Takhzyro is a preventive treatment for the genetic condition hereditary angioedema

Shire’s offices stand at the Citywest Business Campus in Dublin, Ireland. Photograph: Aidan Crawley / Bloomberg

Shire’s offices stand at the Citywest Business Campus in Dublin, Ireland. Photograph: Aidan Crawley / Bloomberg

 

Dublin-based pharma giant Shire has been granted permission to market a preventative treatment for a rare and potentially life-threatening genetic condition.

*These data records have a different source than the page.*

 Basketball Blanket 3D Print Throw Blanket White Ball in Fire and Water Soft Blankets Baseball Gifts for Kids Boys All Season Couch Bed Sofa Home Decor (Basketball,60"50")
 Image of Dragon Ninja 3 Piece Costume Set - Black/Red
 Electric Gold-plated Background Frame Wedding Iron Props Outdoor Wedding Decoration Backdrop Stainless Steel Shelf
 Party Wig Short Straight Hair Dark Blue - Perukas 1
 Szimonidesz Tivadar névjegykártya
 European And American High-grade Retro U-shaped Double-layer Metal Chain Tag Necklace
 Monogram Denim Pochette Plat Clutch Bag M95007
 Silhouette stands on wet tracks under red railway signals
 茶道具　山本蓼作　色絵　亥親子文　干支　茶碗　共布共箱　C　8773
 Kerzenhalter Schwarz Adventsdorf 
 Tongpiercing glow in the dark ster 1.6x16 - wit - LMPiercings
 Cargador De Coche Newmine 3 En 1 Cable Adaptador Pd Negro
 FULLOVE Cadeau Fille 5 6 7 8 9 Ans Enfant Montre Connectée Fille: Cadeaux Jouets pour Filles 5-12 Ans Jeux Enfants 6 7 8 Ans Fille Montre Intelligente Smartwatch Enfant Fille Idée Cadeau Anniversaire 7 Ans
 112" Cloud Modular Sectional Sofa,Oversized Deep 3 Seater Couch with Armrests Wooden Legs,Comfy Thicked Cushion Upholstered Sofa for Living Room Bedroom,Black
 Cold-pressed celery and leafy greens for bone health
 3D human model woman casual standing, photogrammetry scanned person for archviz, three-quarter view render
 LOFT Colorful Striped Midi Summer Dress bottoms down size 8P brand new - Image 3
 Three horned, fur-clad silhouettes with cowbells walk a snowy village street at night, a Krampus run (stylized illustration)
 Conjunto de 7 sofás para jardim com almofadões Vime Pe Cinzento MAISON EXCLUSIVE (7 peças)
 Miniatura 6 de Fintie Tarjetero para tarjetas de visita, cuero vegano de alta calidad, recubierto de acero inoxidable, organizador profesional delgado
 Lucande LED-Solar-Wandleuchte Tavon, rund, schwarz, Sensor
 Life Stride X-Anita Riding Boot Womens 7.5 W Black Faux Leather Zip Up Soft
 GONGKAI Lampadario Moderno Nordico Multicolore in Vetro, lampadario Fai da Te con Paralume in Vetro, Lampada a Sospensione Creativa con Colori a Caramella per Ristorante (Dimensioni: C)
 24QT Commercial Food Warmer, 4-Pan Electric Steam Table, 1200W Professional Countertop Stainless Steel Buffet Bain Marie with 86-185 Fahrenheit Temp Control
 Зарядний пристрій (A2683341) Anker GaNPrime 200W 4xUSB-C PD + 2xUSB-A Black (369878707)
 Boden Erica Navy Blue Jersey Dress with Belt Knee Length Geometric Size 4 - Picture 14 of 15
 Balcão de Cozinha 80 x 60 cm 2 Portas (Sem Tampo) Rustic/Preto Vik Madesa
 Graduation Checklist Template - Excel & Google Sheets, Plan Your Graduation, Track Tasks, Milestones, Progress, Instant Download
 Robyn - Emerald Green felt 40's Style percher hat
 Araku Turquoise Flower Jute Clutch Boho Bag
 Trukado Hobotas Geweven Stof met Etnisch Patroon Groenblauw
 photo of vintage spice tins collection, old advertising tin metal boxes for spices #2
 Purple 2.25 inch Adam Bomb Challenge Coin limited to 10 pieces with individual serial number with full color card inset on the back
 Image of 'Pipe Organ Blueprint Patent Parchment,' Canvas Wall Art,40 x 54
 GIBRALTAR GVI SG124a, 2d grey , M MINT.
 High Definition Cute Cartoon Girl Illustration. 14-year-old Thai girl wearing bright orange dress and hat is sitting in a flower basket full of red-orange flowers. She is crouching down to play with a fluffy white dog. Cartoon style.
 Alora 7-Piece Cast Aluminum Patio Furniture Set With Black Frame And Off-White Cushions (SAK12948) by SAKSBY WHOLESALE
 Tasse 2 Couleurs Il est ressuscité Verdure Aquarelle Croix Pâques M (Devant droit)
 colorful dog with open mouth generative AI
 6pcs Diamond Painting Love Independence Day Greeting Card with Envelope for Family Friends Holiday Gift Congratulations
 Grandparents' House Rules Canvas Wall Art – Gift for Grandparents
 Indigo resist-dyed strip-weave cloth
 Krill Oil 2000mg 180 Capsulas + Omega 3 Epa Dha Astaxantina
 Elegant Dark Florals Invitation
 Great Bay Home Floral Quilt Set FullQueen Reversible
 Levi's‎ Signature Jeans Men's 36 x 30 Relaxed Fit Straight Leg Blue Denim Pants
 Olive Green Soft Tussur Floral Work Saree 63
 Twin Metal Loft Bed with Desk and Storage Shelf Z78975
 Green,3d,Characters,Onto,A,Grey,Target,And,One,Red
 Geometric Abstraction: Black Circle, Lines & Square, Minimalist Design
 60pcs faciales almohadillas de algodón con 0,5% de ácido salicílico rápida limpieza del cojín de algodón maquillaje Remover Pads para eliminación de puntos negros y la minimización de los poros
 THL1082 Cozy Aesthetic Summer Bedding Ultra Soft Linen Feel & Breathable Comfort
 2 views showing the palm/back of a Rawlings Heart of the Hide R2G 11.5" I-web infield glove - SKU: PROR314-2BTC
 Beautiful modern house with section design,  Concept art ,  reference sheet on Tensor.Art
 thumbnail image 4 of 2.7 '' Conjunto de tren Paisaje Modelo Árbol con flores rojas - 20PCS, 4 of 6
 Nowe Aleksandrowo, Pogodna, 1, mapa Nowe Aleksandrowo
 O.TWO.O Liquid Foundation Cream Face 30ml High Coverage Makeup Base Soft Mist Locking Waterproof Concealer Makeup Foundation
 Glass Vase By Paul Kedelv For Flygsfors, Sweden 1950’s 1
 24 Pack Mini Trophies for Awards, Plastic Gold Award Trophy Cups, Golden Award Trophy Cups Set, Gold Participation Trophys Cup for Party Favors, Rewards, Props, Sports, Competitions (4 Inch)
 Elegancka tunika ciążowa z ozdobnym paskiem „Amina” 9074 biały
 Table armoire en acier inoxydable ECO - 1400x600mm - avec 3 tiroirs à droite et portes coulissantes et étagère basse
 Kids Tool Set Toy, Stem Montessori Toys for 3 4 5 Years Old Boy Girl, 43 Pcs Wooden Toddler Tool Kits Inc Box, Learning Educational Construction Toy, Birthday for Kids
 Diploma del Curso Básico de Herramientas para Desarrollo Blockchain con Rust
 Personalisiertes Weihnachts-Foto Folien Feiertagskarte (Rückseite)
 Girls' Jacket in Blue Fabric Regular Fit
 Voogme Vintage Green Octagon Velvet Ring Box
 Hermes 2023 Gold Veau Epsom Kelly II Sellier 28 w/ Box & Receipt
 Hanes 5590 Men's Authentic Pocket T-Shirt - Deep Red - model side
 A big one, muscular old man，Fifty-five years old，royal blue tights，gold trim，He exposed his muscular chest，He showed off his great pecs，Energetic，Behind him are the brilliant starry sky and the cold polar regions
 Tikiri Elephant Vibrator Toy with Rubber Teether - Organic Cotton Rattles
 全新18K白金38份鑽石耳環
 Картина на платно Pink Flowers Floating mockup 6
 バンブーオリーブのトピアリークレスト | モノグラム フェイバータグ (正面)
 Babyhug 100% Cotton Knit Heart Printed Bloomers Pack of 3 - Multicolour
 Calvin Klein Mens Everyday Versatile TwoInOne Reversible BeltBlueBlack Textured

Takhzyro is a preventive treatment for hereditary angioedema (HAE) in patients aged 12 years and older.

HAE occurs in about one in 10,000 to one in 50,000 people. Its symptoms include swelling in various body parts, including the hands, feet, face and airway that can be debilitating and painful.

Laryngeal attacks that obstruct the airways are potentially life-threatening due to the risk of asphyxiation. Aside from the burden of the disease itself, patients can suffer anxiety, fatigue and depression between attacks.

Shire announced on Friday that the European Commission has granted marketing authorisation for the Takhzyro subcutaneous injection, which is designed for routine prevention of recurrent attacks of HAE.

Takhzyro is a first-of-its-kind fully human monoclonal antibody that inhibits the activity of plasma kallikrein, an enzyme which is uncontrolled in people with HAE, to help prevent attacks.

“We are delighted to receive today’s European approval,” said Shire head of research and development Andreas Busch.

“For those with HAE, the burden of disease can significantly impact their day to day life. With Takhzyro, we can now provide an innovative treatment that has potential to change the way HAE is currently treated.”

In a study over 26 weeks Takhzyro reduced the mean number of monthly HAE attacks by 87 per cent relative to placebo when administered at 300 mg every two weeks and 73 per cent relative to placebo when administered at 300 mg every four weeks.

Overall, each Takhzyro treatment arm demonstrated statistically significant attack rate reductions compared with placebo for all secondary efficacy endpoints.

Patients taking Takhzyro 300 mg every two weeks had 83 per cent fewer moderate to severe attacks, 87 per cent fewer attacks that needed on-demand treatment, and an 89 per cent attack rate reduction from day 14 to 182.

Henrik Balle Boysen, executive director for HAEi, which is the international umbrella organisation for sufferers of the condition, welcomed the news “that provides a new option for the prevention of HAE attacks”.

“We are grateful for the time and effort put forth by the patients and researchers who participated in the clinical program that enabled this important addition to the HAE treatment landscape,” he said.

Takhzyro may be self-administered as one subcutaneous injection every two weeks. In clinical trials, the majority of patients took within 10 to 60 seconds to administer the injection.